(Captioned web image data)
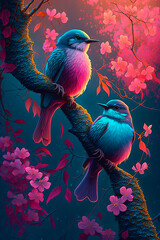 Wall Mural - Spring. A couple of birds sitting on top of a tree. Generative AI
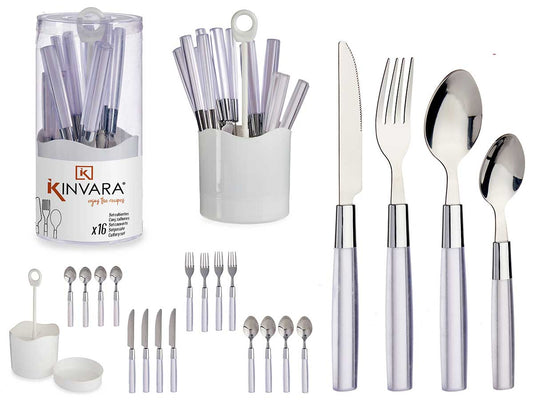 kinvara-set-16-cubiertos-acero-inoxidable-mango-plastico-blanco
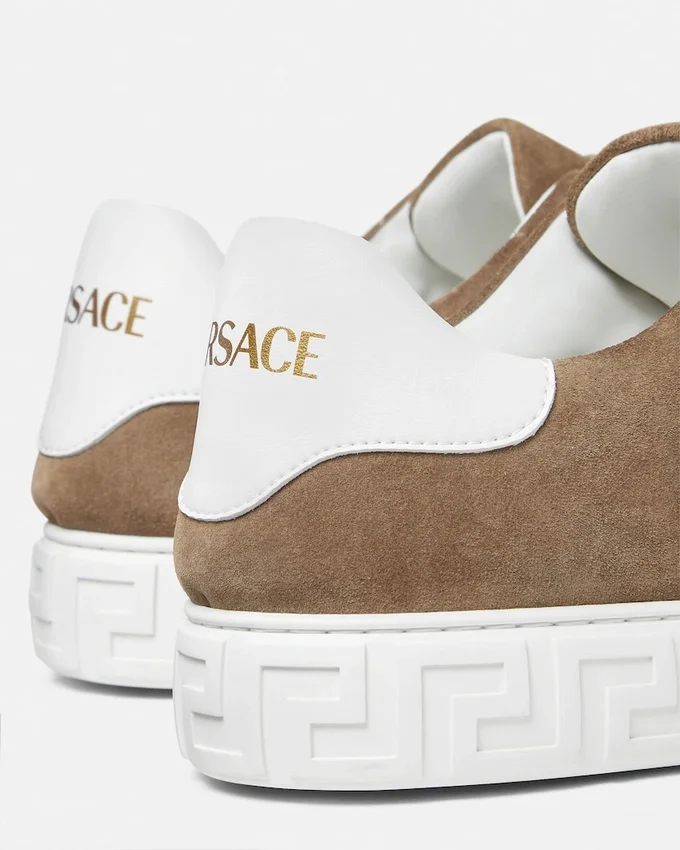 Greca Embellished Suede Sneakers Greca Embellished Suede Sneakers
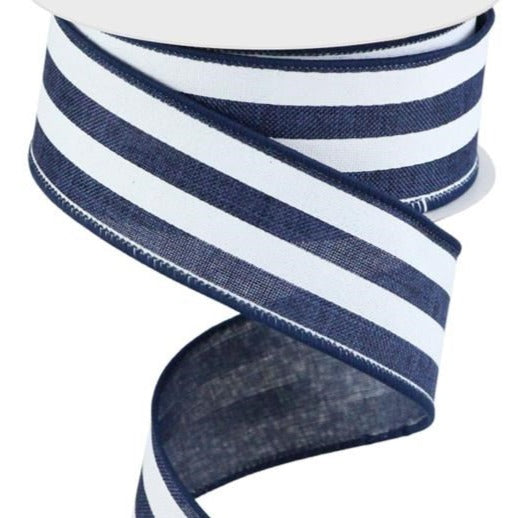 Wired Ribbon * Vertical Stripe * Navy and White Canvas * 1.5" x 10 Yards * RGC156219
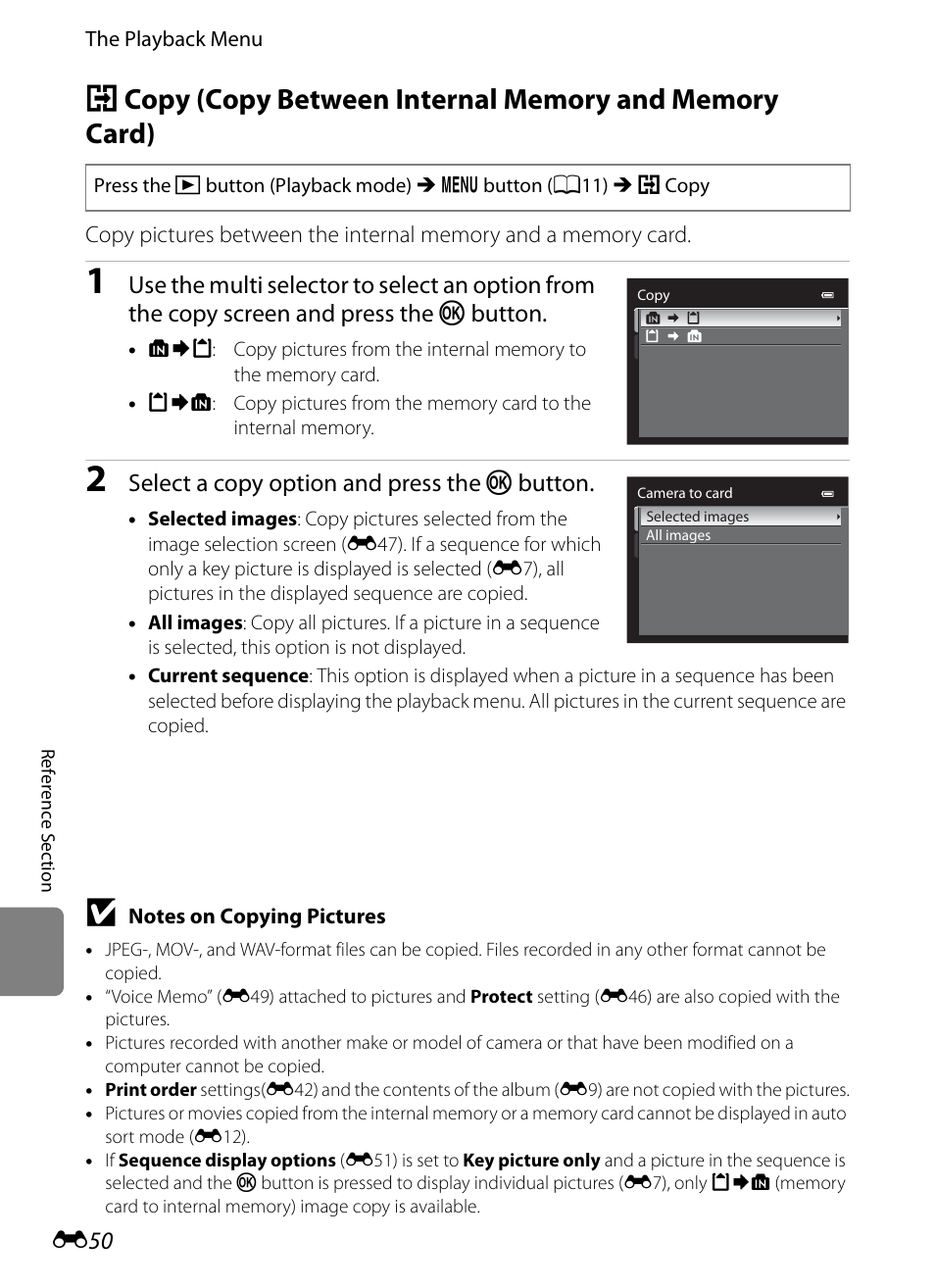 E 50, Select a copy option and press the k button | Nikon AW100 User Manual | Page 170 / 242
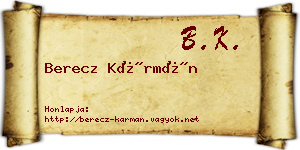 Berecz Kármán névjegykártya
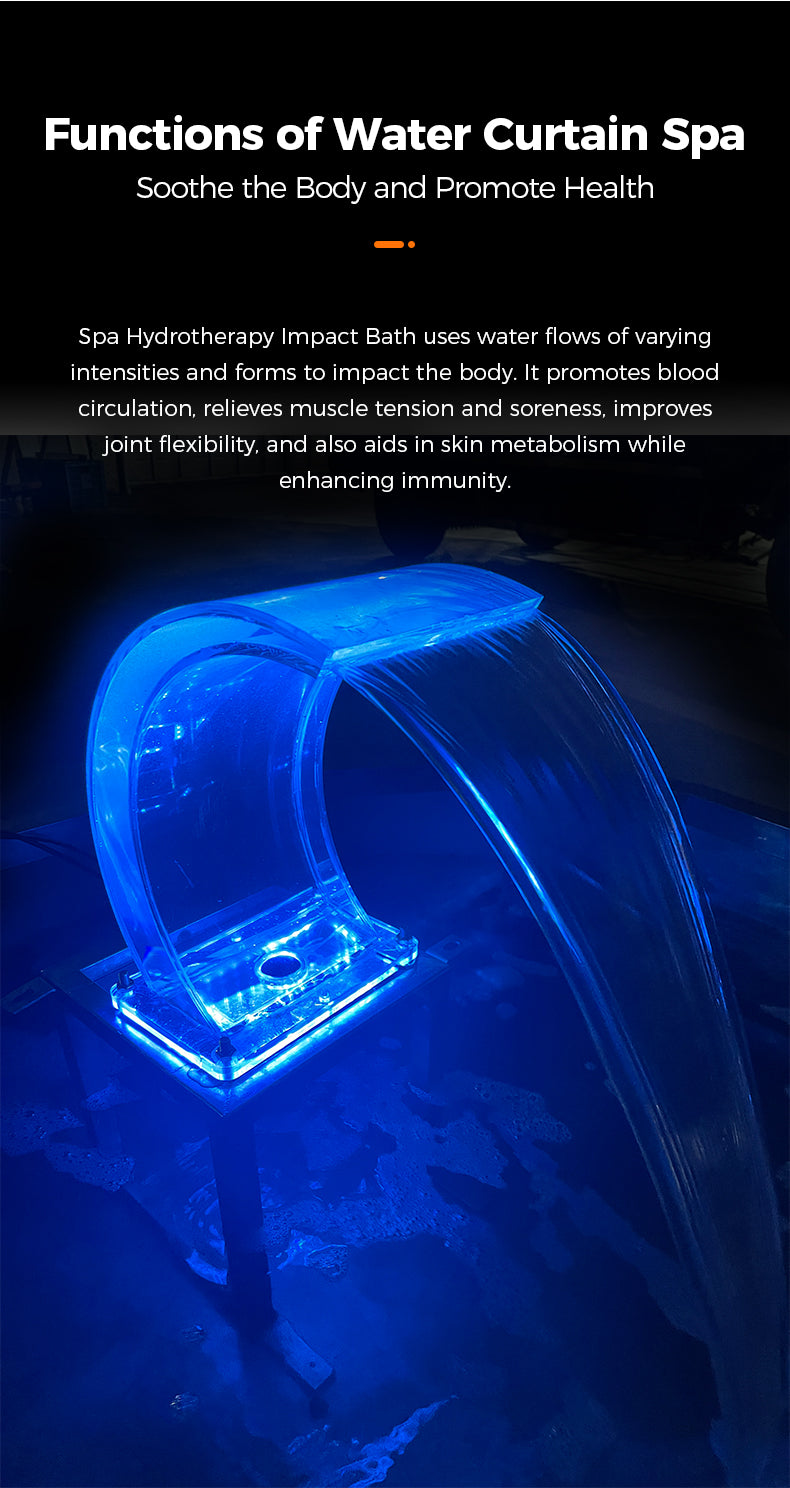 Blue water curtain spa with text about its functions and benefits.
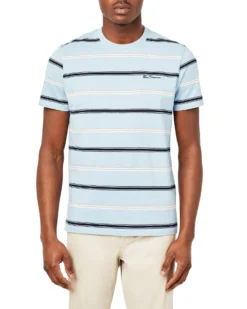 Oved Collegiate Stripe Crew T-Shirt - Light Blue Loungewear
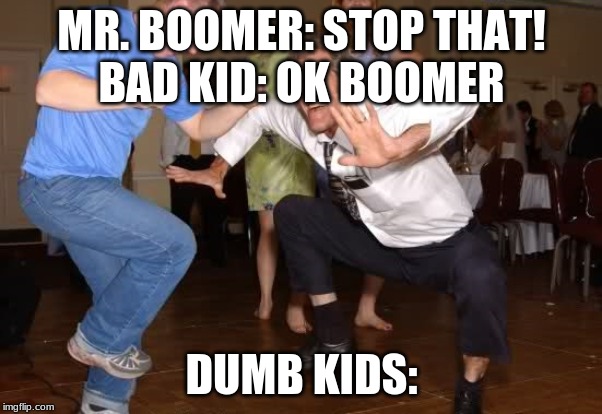 the jig | MR. BOOMER: STOP THAT!
BAD KID: OK BOOMER; DUMB KIDS: | image tagged in the jig,ok boomer | made w/ Imgflip meme maker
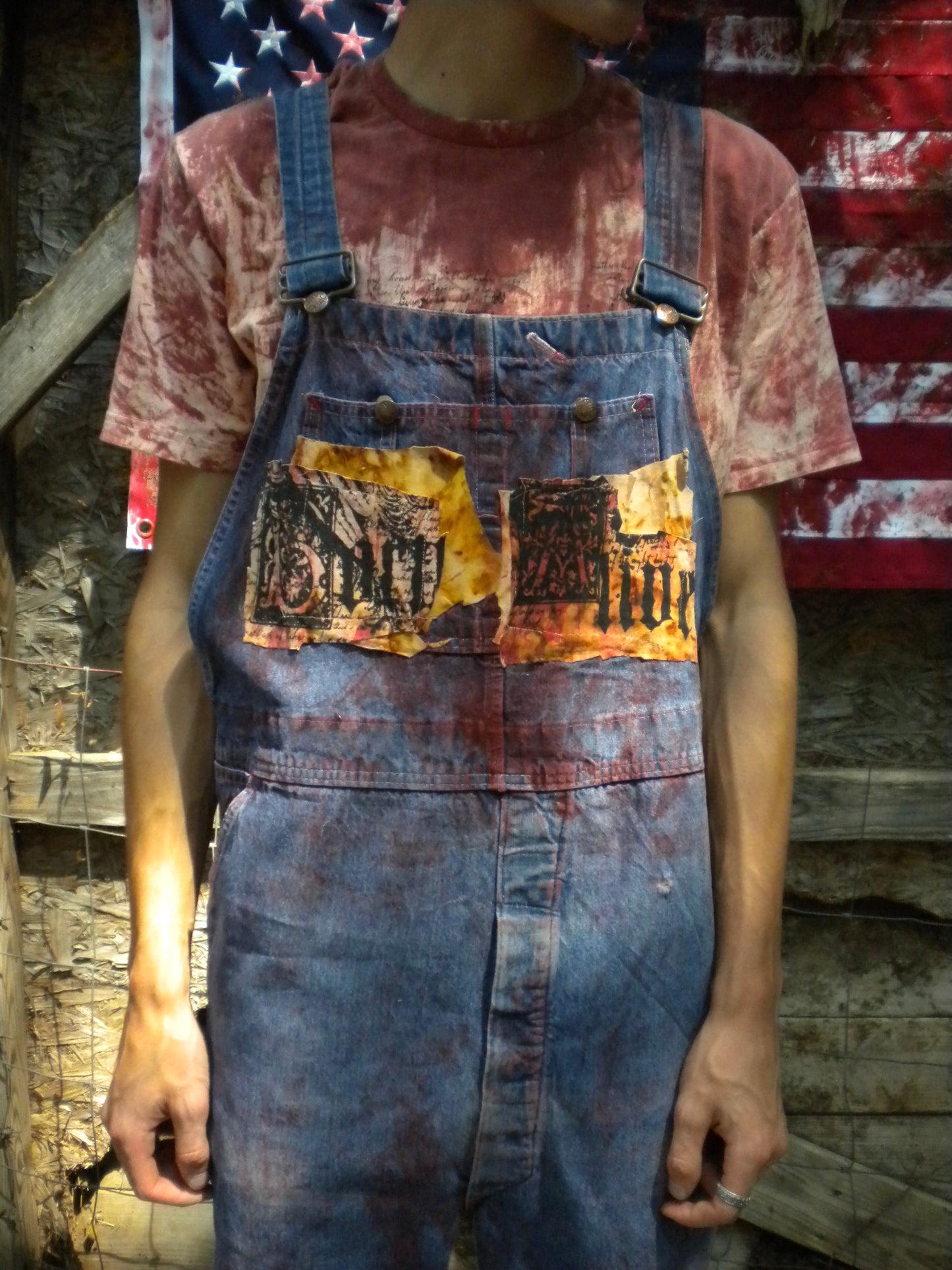 Bloody Rust Dyed Born Alive Overalls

(WHAT YOU WILL DO):
Would you restate, exactly and with no pictures, the lines of the entries above from the one containing "E 50, Select" through the one containing "BAD KID: OK"?

(PROBLEM SOLUTION):
 E 50, Select a copy option and press the k button | Nikon AW100 User Manual | Page 170 / 242
 Berecz Kármán névjegykártya
 Blue water curtain spa with text about its functions and benefits.
 Oved Collegiate Stripe Crew T-Shirt - Light Blue Loungewear
 the jig | MR. BOOMER: STOP THAT!
BAD KID: OK BOOMER; DUMB KIDS: | image tagged in the jig,ok boomer | made w/ Imgflip meme maker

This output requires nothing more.